* WHAT TO DO:
Could you transcribe each entry below exactly, minus the images?

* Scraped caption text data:
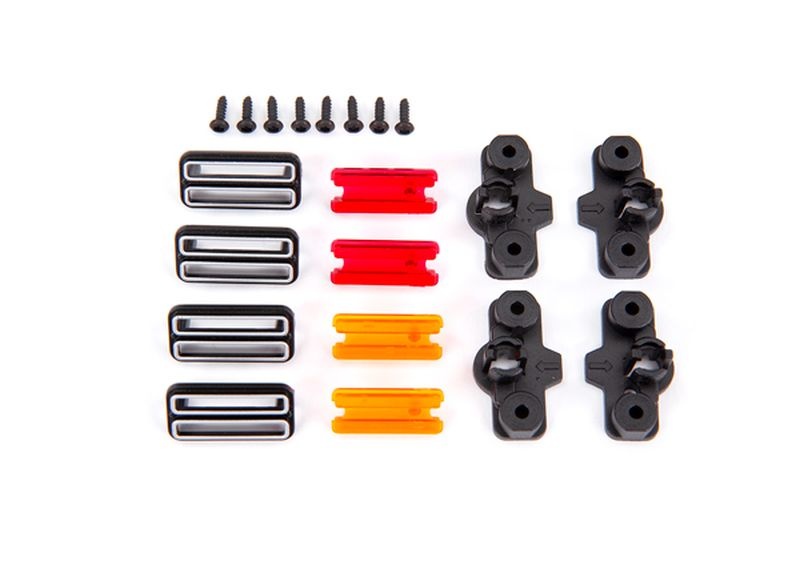 Traxxas Beleuchtungs-Linsen 9116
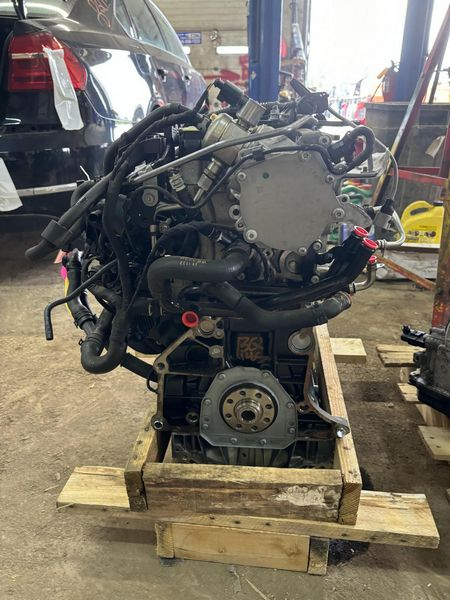 2016 Volkswagen PASSAT 1.8L, VIN S (5th digit), (engine ID CPKA) Used Engine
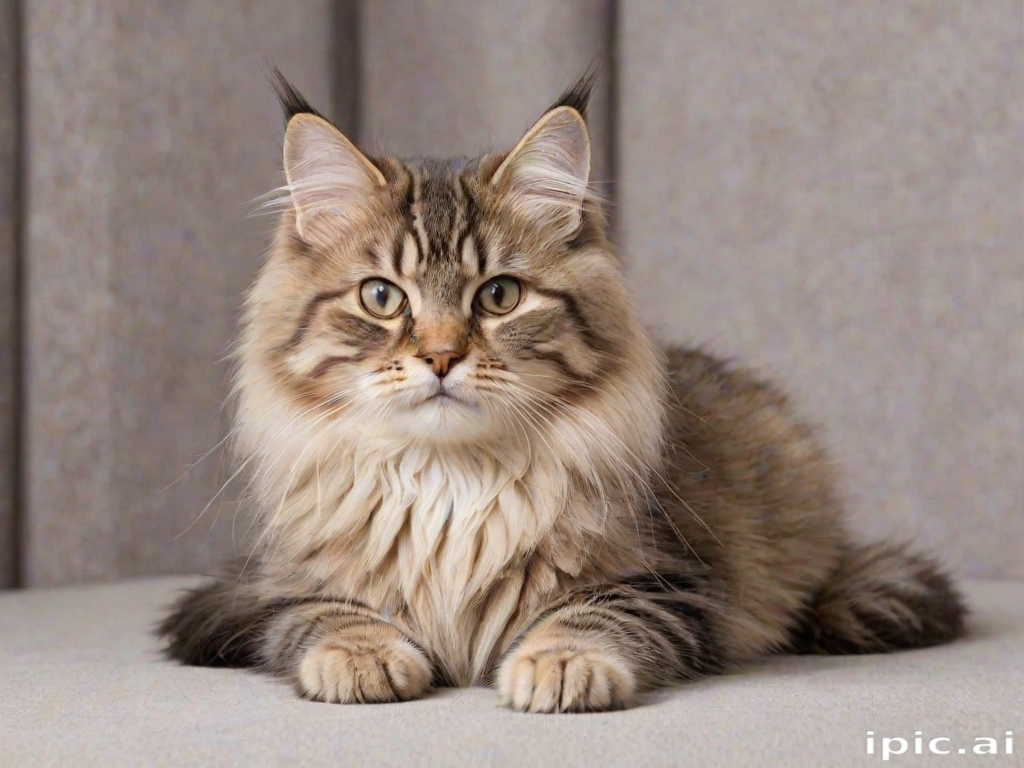 siberian cat breed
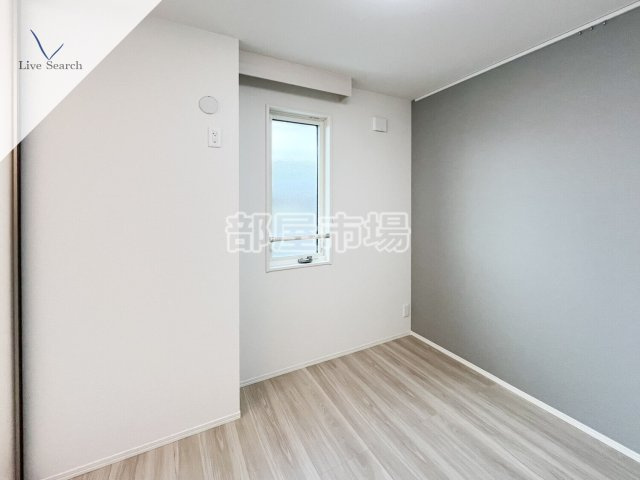 セレスティア千住元町の寝室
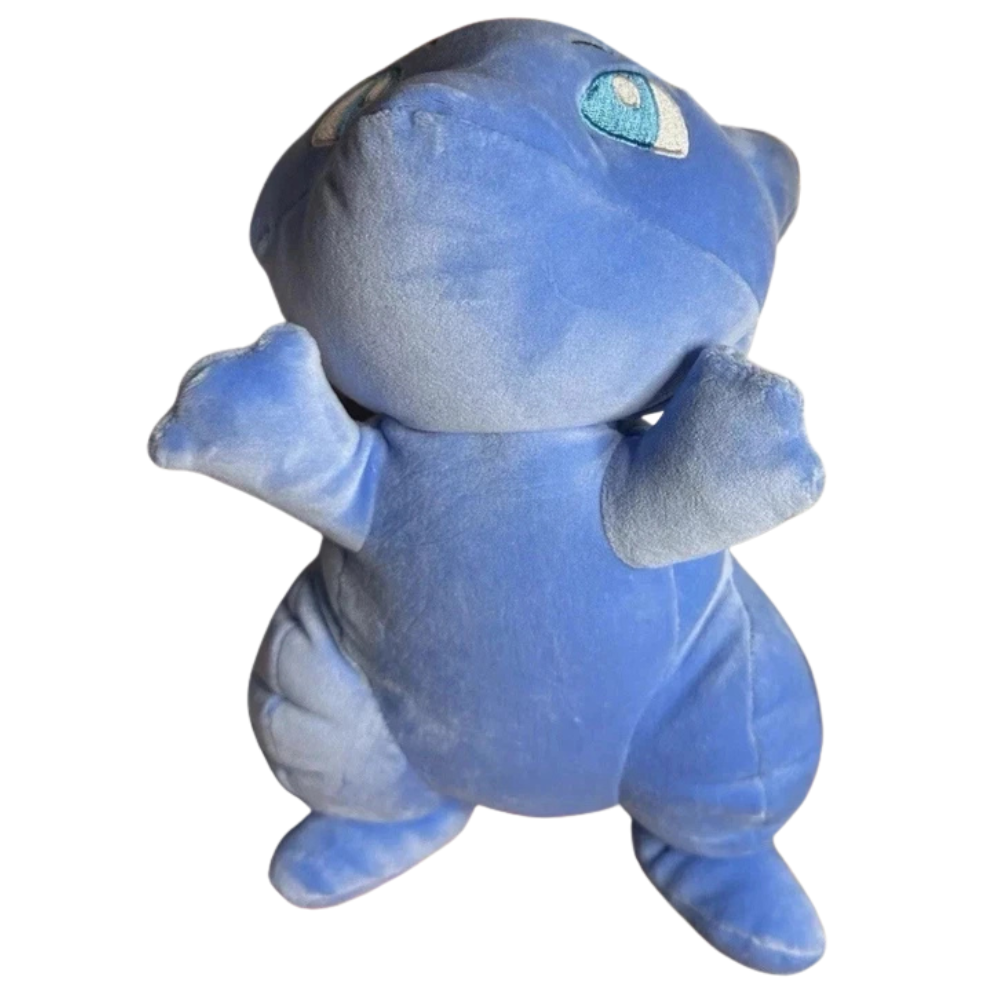 Pokemon Shiny Mew Sleeping Plush Soft Toy Teddy 26cm Cuddly Character Gift Kids Collectors Uk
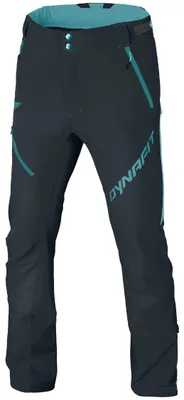 Produktbild von Dynafit Mercury Dynastretch Hose wasserabweisend atmungsaktiv schwarz Herren S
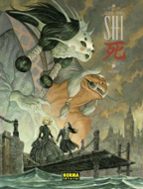 Shi 3. Revenge!, de Zidrou | portada del libro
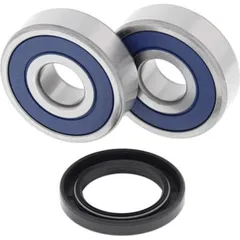 Wheel Bearing Kit Rear for: Honda CX500TC Turbo 82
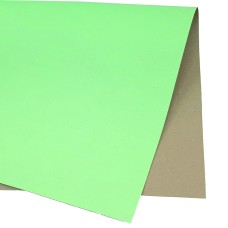 Papel Cartão Fosco Verde Claro PC001.13 48x66cm 20 fls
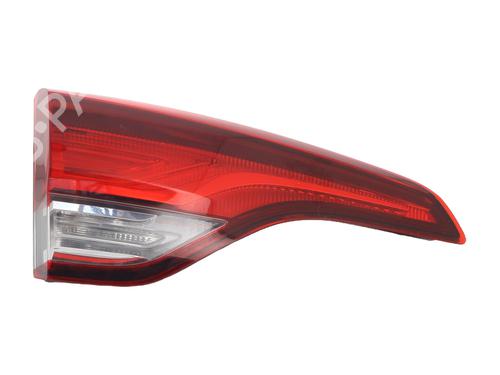 Used Left tailgate light Left tailgate light RENAULT SCÉNIC IV (J9_) 1.3 TCe 140 (140 hp) 30106620 30106620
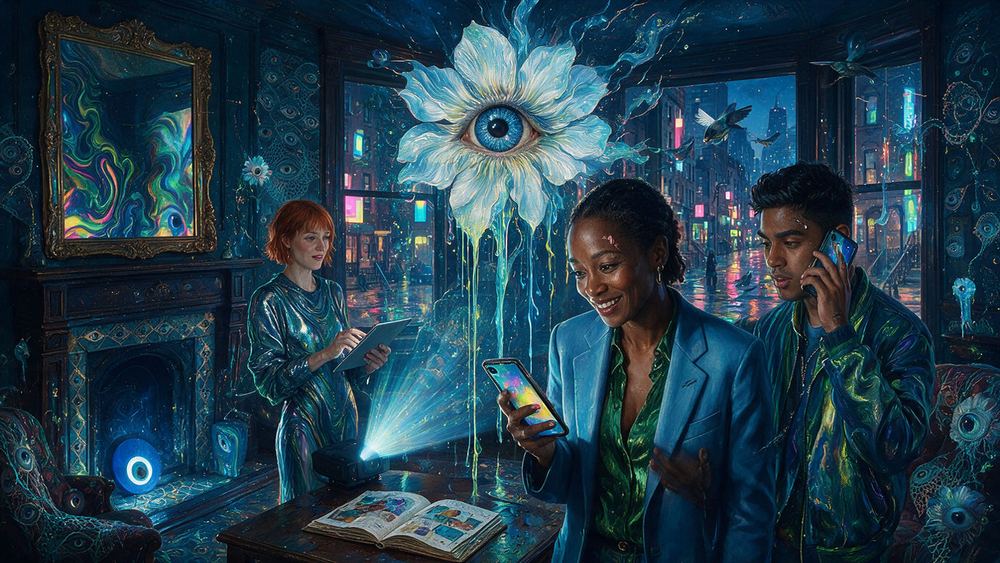 Aaliyah Pryor, a collector who bought an artist early purely because she liked it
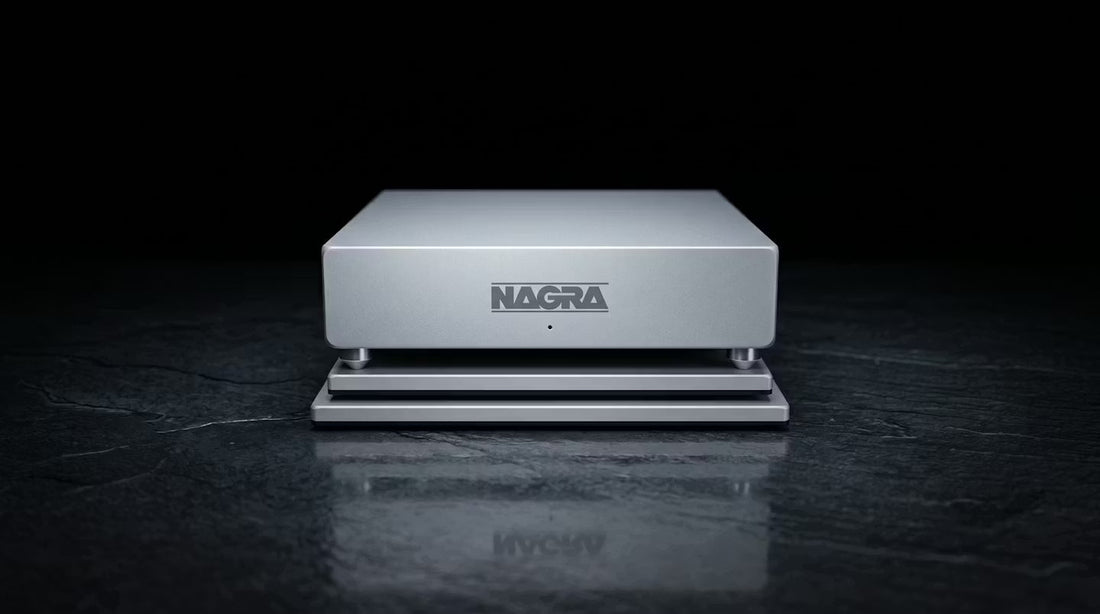Nagra Compact Player + Compact VFS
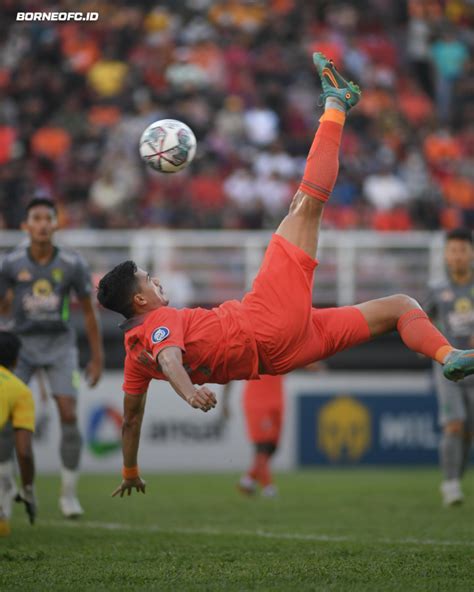 Borneo FC Samarinda Official Website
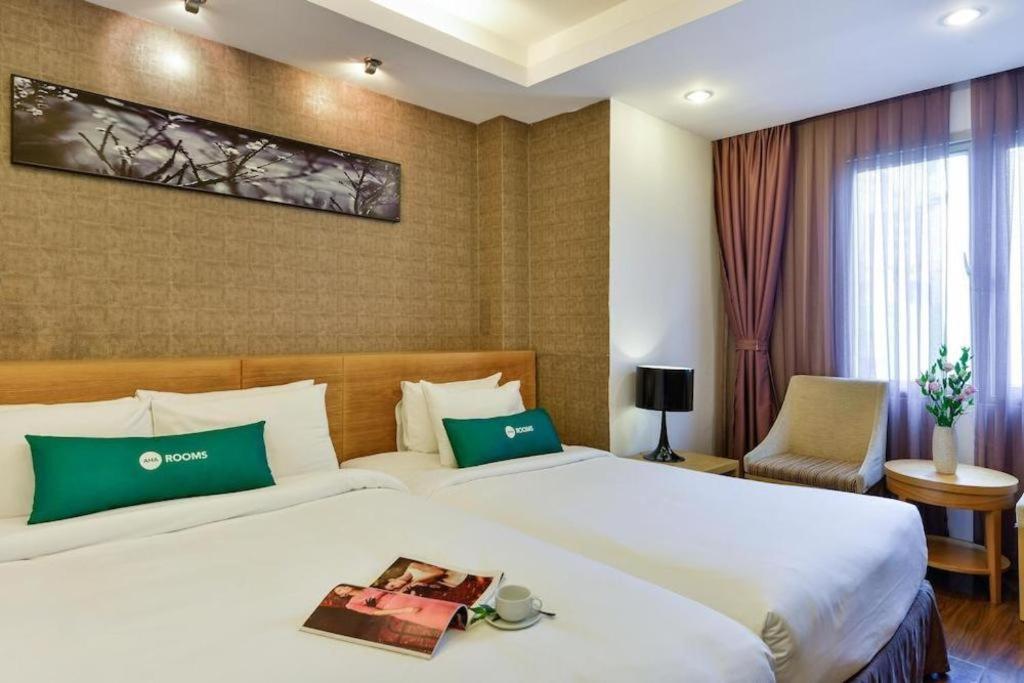 Boutique Bến Thành Aha Khách sạn TP. Hồ Chí Minh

* SOLUTION TO THIS TASK:
 Traxxas Beleuchtungs-Linsen 9116
 2016 Volkswagen PASSAT 1.8L, VIN S (5th digit), (engine ID CPKA) Used Engine
 siberian cat breed
 セレスティア千住元町の寝室
 Pokemon Shiny Mew Sleeping Plush Soft Toy Teddy 26cm Cuddly Character Gift Kids Collectors Uk
 Produktbild von Dynafit Mercury Dynastretch Hose wasserabweisend atmungsaktiv schwarz Herren S
 Shi 3. Revenge!, de Zidrou | portada del libro
 Wheel Bearing Kit Rear for: Honda CX500TC Turbo 82
 Papel Cartão Fosco Verde Claro PC001.13 48x66cm 20 fls
 Used Left tailgate light Left tailgate light RENAULT SCÉNIC IV (J9_) 1.3 TCe 140 (140 hp) 30106620 30106620
 Aaliyah Pryor, a collector who bought an artist early purely because she liked it
Nagra Compact Player + Compact VFS
 Borneo FC Samarinda Official Website
 Boutique Bến Thành Aha Khách sạn TP. Hồ Chí Minh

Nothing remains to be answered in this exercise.